Au-delà de la pandémie, d’autres causes identifiées
Si la crise sanitaire a joué un rôle aggravant, elle n’est pas l’unique responsable de cette évolution. La diminution du temps consacré à la lecture est également un facteur clé. En 2022, le National Endowment for the Arts rapportait que seulement 37,6 % des Américains avaient lu un roman ou une nouvelle au cours de l’année écoulée, contre 41,5 % en 2017. Une tendance à la baisse qui se confirme sur le long terme, ce chiffre étant de 45,2 % en 2012.
L’omniprésence des écrans et la transformation des modes d’accès à l’information figurent aussi parmi les explications avancées par les chercheurs. De nombreuses études ont déjà démontré que le temps d’exposition aux écrans nuit au développement du langage chez les enfants et altère les capacités de concentration et de mémorisation chez les jeunes adultes. À cela s’ajoute l’essor de l’intelligence artificielle, qui, en automatisant de plus en plus de tâches cognitives, favorise un phénomène préoccupant : la paresse intellectuelle.
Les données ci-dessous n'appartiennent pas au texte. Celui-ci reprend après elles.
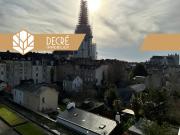 Vente Appartement 4 pièces 107 m2 Nantes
Si la communauté scientifique s’accorde sur le constat d’une baisse du QI mondial, elle souligne également la complexité des causes sous-jacentes. Le Financial Times rappelle qu’il n’existe aucune preuve d’un « dommage irréversible » infligé à l’intelligence humaine. Mais cette tendance soulève des interrogations sur l’évolution des capacités cognitives des générations futures.